That engineers rely upon topographic maps is emphasized by the following table, compiled under the direction of the Chief Geographer from the record of the U. S. Geological Survey to show the great number of maps purchased annually and also the growth of their use :
This table shows that more than half a million maps are now purchased annually for work in the mapped portion of the United States, which is 38 per cent of the total area. At this same rate, if all the country were mapped, the demand during the year would have been for 1,400,000 maps. Furthermore, it seems very conservative to consider that at least half of the maps purchased during the preceding year would have been used also. On this assumption—namely, that the additional maps might have been sold, and that half of those sold during the preceding year were used—we infer a potential demand for the use of 2,000,000 topographic maps. This conclusion does not seem unreasonable, because as people are educated to the use of topographic maps there is a greater demand, and as contiguous areas are completed the demand increases.
Both surface and subsurface features are now represented by contour maps, the former by the topographic maps and the latter by the somewhat less known structure-contour maps. Surface work is directly related to topographic maps and only indirectly related to structure-contour maps, whereas with underground work the reverse is true. Therefore, in this paper the two kinds of maps will be treated more or less independently. Furthermore, since most mining engineers are familiar with topographic maps and their uses, this paper discusses only certain data, presented on topographic maps but generally overlooked by the engineer because he fails either to read the map properly or to use the information which it contains.
One of the common problems in both the development and the operation of a mining property is to control the water supply which is to be used, and to protect the property from any excess that is not needed. In many plants the flood water of a nearby stream is a menace. It takes years of measurements to determine the high-water stage of a stream, but a close approximation may be made in another way.

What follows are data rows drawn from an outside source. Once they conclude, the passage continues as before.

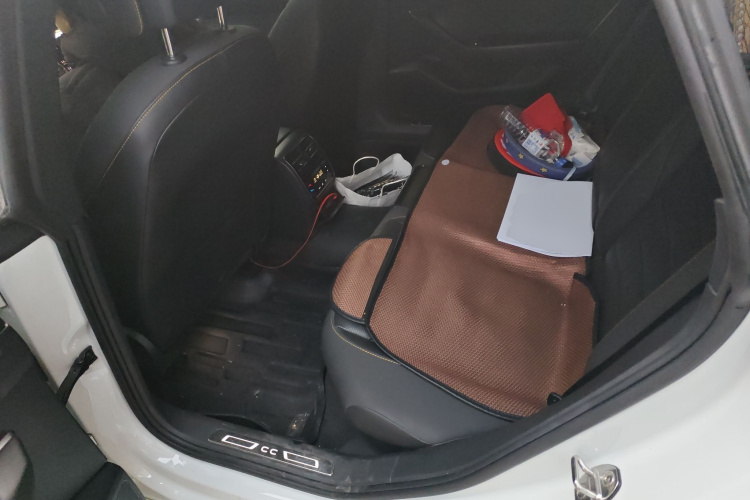 一汽-大众CC 2021款 380TSI 夺目版中控内饰21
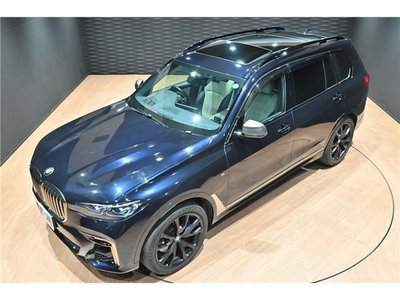 BMW X7 - 7
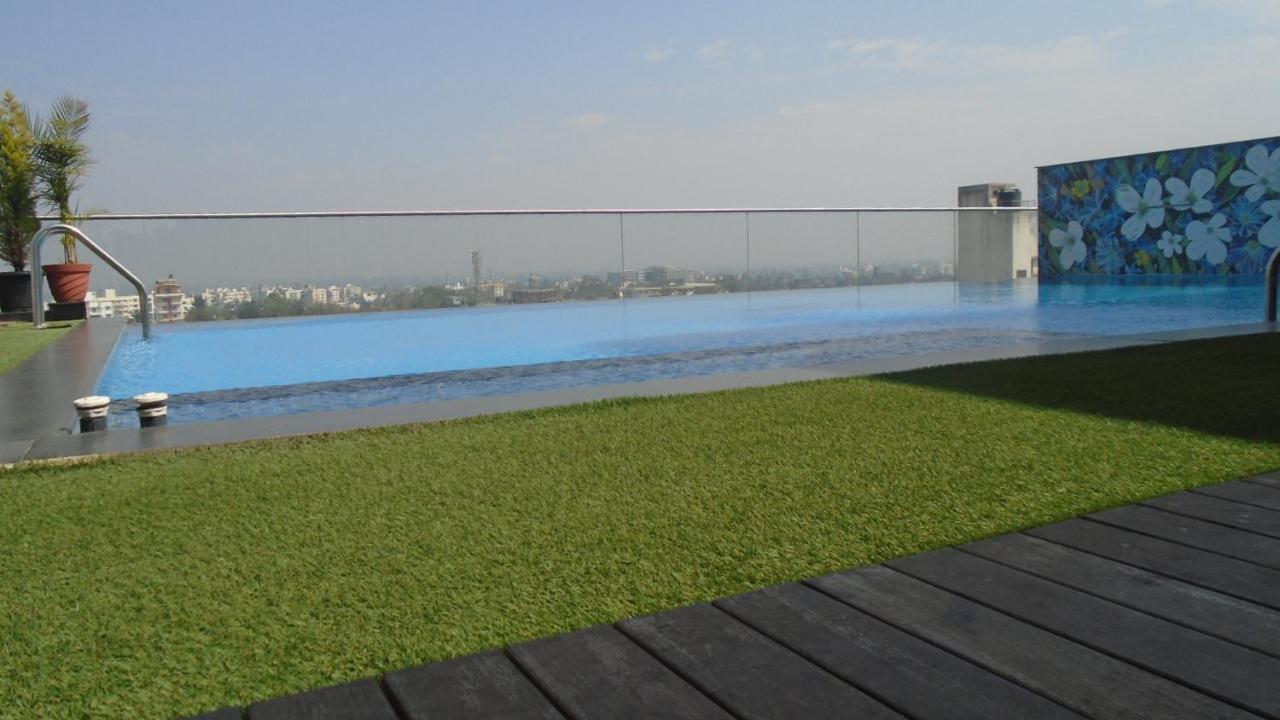 Hotel Vrishali Executive Kolhapur Exterior foto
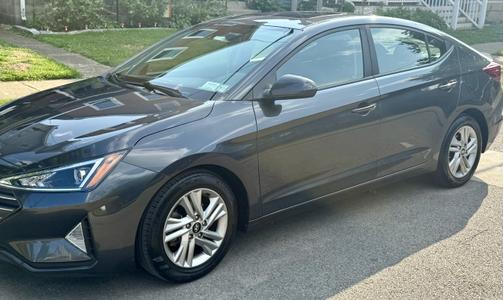 2020 Hyundai ELANTRA Value Edition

With the size of the drainage basin given and the daily rainfall known, the stream’s flood stage can be roughly estimated. In the United States the observations of the Weather Bureau have given us data on the rainfall for most parts of the country. The other factors, such as the size and characteristics of the drainage basin, are shown on topographic maps. In this way two of the important elements in the solution of the water problem can be obtained. But more data can be actually obtained by proper interpretation of the map, especially with regard to flood. If the slopes are steep the run-off occurs rapidly and the streams are quickly flooded, but if the slopes are gentle the flow of the water is more gradual and lower flood stages may be expected. These considerations are not theoretical, but actual. They were real to the engineers of the Burlington railroad a few years ago when tracks were washed out by floods and bridges were overflowed. The railway’s engineers attacked the problem just as indicated above. Rain-gauge measurements had shown the extremes of rainfall which were to be expected in a given area in southeastern Nebraska. They knew the character of the soil, forestation, and similar factors which control the run-off. Of course, the run-off as a result of the rainfall must pass under the bridges of the railroad. These bridges must be of a certain size in order to permit the water to flow beneath, so as to avoid washing out the grade. The engineers recognized that, with their general knowledge of conditions and with specific data on the amount of rainfall and on the size and topography of the basin to be drained, they could closely estimate the maximum amount of water which might be expected to flow under any given bridge. As previously stated, they knew the amount of rainfall, but they did not know the second factor—namely, the topography; hence the railroad went to the expense of making a topographic map of the basins which drain towards the railroad in order that they might know the second factor, and thus construct their bridges properly.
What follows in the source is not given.